Today I have a little proble and I think that the origin is about the stack.
This is my problem :
I declare three user task like this :
void task1Function(void) {
print_uart0("-usertask : First task is started...\r\n");
while(1){
//syscall(1);
}
}
void task2Function(void) {
print_uart0("-usertask : Second task is running...\r\n");
//syscall(); /* To return in the kernel's mode */
while(1){
}
}
void task3Function(void) {
print_uart0("-usertask : Third task is running...\r\n");
//syscall(); /* To return in the kernel's mode */
while(1){
}
}
I have an array of three task whose the strucure is below :
typedef struct
{
unsigned int *sp;
unsigned int registers[12];
unsigned int lr;
unsigned int pc;
unsigned int cpsr;
unsigned int mode;
unsigned int num;
void *stack;
int stacksize;
int priority;
int state; /* Running, Ready, Waiting, Suspended */
/* Next and previous task in the queue */
struct taskstruct *qnext, *qprev;
}taskstruct;
Here the inialisation of my tasks :
void init_task(taskstruct * task, void (*function)(void) ){
task->sp = (unsigned int*)&function;
task->registers[0] = 0; // r0
task->registers[1] = 0; // r1
task->registers[2] = 0; // r2
task->registers[3] = 0; // r3
task->registers[4] = 0; // r4
task->registers[5] = 0; // r5
task->registers[6] = 0; // r6
task->registers[7] = 0; // r7
task->registers[8] = 0; // r8
task->registers[9] = 0; // r9
task->registers[10] = 0; // r10
task->registers[11] = 0; // r11
task->registers[12] = 0; // r12
task->lr = 0;
task->pc = 0;
task->cpsr = 0;
task->mode = 0x10;
}
init_task(&task[0],&task1Function);
init_task(&task[1],&task2Function);
init_task(&task[2],&task3Function);
But when I passed the task[0].sp to my activate function, it's always the last declared task that is launched (i.e the third):
.global activate
activate:
LDR r12, [r0]
/*STMFD sp!,{r1-r11,lr}*/
NOP
msr CPSR_c, #0x10 /* User mode with IRQ enabled and FIQ disabled*/
mov pc, r12
So I guess that I have a problem with my user stack and that I have to setup a different stack for each of them, am I right ? In this case, can somebody tell me how I have to proceed ?
Regards, Vincent
Yes, you are right.
You must have separate stacks for each task, since the state of the stack is part of the task's total state.
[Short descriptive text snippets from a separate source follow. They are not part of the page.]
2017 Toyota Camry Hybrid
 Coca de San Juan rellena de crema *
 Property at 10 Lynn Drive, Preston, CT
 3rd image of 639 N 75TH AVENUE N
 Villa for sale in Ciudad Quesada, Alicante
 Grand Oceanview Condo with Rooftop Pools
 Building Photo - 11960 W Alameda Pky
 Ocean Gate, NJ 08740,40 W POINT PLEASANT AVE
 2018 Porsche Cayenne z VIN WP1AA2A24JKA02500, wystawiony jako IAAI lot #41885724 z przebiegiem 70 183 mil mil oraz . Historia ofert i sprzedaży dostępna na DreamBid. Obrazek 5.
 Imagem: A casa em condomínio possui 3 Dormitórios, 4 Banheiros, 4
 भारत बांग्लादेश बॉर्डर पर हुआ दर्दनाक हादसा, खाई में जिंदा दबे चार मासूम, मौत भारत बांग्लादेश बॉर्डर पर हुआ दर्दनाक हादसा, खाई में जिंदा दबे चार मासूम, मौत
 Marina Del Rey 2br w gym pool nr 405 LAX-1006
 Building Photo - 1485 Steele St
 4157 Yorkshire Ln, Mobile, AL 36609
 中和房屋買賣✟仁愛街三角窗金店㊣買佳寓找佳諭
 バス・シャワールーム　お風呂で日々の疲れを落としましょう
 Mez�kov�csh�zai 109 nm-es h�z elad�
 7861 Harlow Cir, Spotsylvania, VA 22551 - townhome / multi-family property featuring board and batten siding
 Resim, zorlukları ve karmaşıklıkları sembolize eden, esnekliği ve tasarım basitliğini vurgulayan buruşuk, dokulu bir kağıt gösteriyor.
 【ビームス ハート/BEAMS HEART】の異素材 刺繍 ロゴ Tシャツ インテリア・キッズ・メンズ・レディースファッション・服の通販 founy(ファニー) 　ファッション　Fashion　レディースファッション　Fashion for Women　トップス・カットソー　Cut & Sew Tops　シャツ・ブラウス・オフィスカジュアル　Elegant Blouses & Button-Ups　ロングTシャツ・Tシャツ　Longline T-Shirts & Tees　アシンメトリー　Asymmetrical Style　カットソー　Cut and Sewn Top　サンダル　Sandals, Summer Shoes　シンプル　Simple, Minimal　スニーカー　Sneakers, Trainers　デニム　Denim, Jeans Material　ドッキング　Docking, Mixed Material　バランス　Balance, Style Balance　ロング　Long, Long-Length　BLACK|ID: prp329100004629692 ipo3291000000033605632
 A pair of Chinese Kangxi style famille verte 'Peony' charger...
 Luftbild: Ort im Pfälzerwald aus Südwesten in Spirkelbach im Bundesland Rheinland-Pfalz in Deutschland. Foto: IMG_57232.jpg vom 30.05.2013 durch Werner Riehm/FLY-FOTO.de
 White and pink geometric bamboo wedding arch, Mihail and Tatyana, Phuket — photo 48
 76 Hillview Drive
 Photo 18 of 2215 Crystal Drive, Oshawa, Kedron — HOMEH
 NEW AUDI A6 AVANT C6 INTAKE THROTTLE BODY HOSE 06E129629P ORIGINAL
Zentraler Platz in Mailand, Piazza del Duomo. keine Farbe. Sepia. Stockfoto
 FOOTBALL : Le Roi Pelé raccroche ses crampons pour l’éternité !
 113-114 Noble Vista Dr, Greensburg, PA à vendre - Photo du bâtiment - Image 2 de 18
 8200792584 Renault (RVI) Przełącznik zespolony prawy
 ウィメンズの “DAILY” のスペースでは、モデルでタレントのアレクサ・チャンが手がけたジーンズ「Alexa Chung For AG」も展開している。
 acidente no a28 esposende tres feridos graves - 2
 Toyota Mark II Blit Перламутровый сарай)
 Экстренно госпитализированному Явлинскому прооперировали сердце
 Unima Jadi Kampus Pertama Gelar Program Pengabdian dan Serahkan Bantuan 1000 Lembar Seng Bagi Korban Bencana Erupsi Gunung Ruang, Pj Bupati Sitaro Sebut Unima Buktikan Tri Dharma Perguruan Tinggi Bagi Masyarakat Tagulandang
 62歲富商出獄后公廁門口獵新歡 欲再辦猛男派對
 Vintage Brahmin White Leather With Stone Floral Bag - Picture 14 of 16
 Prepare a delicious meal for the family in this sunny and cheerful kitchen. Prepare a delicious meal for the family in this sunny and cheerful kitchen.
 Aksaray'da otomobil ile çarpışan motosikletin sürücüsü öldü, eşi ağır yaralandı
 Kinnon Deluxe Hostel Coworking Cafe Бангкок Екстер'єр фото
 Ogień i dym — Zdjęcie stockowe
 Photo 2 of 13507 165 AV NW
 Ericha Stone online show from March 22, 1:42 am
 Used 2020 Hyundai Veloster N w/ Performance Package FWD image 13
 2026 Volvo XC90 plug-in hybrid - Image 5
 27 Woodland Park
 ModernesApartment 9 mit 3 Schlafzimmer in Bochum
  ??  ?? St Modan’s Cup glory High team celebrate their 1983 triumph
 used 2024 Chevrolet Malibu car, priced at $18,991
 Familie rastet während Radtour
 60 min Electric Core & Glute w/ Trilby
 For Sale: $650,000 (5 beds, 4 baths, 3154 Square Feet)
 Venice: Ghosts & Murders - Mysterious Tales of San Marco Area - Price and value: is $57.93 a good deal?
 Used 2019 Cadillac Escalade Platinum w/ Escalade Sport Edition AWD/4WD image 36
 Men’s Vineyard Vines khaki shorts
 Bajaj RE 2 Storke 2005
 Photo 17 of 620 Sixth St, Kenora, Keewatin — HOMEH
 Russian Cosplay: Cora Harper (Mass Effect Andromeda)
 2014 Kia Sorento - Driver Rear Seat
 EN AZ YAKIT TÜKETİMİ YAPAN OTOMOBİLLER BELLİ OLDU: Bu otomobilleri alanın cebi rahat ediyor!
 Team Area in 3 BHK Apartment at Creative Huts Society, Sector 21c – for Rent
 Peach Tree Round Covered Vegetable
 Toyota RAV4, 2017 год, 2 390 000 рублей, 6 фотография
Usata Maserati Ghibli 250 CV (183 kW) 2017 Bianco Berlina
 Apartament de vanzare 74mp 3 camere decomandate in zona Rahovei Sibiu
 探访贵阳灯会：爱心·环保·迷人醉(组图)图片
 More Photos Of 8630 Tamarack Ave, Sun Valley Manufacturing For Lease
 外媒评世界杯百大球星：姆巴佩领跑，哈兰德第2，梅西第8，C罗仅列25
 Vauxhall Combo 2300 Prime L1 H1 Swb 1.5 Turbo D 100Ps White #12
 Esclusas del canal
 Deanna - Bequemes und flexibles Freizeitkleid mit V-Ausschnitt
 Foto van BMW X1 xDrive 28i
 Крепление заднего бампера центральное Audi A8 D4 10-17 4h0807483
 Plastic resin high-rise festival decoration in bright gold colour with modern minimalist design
You could add something like
uint32_t stack[512];
to your taskstruct, and then set/restore the task pointer accordingly when switching tasks, of course. It's hard to provide enough detail in this context.
'Ok but how I can allocate the stack task ? ' - malloc it.
You can economize on mallocs by adding the stack space on the end of the taskstruct - all your current members are fixed-size, so calculating the total size to malloc is easy.
The hard bit with these taskers is getting the interrupt entry correct, ie. when an interrupt handler needs to change a task state and so has to exit via the scheduler. This is especially good fun with nested interrupts. Good luck with that!